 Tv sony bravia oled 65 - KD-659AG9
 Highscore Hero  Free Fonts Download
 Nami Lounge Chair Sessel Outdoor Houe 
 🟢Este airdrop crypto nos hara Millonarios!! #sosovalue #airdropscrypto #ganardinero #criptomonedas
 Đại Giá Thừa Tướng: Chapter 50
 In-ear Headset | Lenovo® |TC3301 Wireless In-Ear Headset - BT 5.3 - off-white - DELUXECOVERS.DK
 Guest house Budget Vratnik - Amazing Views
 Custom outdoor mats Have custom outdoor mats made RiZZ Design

[WORK REQUEST]:
Transcribe each of the records above exactly.

[ANSWER SPACE]:
 Tv sony bravia oled 65 - KD-659AG9
 Highscore Hero  Free Fonts Download
 Nami Lounge Chair Sessel Outdoor Houe 
 🟢Este airdrop crypto nos hara Millonarios!! #sosovalue #airdropscrypto #ganardinero #criptomonedas
 Đại Giá Thừa Tướng: Chapter 50
 In-ear Headset | Lenovo® |TC3301 Wireless In-Ear Headset - BT 5.3 - off-white - DELUXECOVERS.DK
 Guest house Budget Vratnik - Amazing Views
 Custom outdoor mats Have custom outdoor mats made RiZZ Design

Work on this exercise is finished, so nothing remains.